Suspect: Asterisk Resource Exhaustion
During The Last HOPE an IAX Resource Exhaustion 0day DoS was released for the Asterisk PBX. This 0day was in the wild for 4 days before a patch was released.
During these four days, any attacker could have attacked any publicly accessible Asterisk server and forced it to stop processing all phone calls. What hasn’t been talked about is how this exploit code could have been weaponized to attack on a global scale.
Take the minimal components of an Asterisk Resource Exhaustion exploit and re-factor it into the iaxPingPoker, which is an Asterisk IAX2 port scanner that was also released at The Last HOPE. This port scanner can be used to determine lists of valid Asterisk servers on the Internet. With only a few additional mechanisms, any Asterisk RE exploit can allow for autonomous DoS attacks targeting any and every Asterisk server.
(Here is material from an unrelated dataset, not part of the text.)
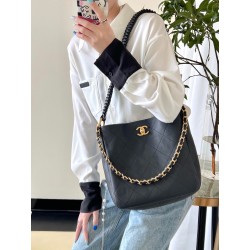 [홍콩명품.CHANEL] 샤넬 23A 핸드메이드 우븐 숄더 스트랩 히피백 블랙 GD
Since Asterisk can only handle 2^15 call numbers in either direction, once they are all consumed there are no longer enough resources to process additional traffic. Calls can no longer be allocated. A server could be considered exhausted if a ‘POKE’ like packet doesn’t return an INVAL or some other response. Once a server is hung have the script move onto the next PBX - Loop, update, rinse and repeat.
An eeePC has been theoretically estimated to be capable of successfully attacking over 36 Asterisk servers at the same time with an RE. Depending on the version of Asterisk it could take as long as 30 minutes to exhaust 1 server, as well as short as 30 seconds. From this, rough statistics can be determined that an Asterisk server can be taken off line every minute by an inexpensive 900mhz computer. If there were 10,000 Asterisk servers targeted, a $300 laptop could DoS them all of within about 7 hours.
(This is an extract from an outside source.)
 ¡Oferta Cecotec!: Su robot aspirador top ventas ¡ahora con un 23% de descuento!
A botnet of even a small size should be able to RE DoS every discovered Asterisk PBX within about an hour. This capability is only an added system of rudimentary loops, threads and means any attacker can autonomously target any and all Asterisk systems indiscriminately with existing code.
Since there are many additional RE’s currently within Asterisk, what doesn’t make this sort of attack feasible today?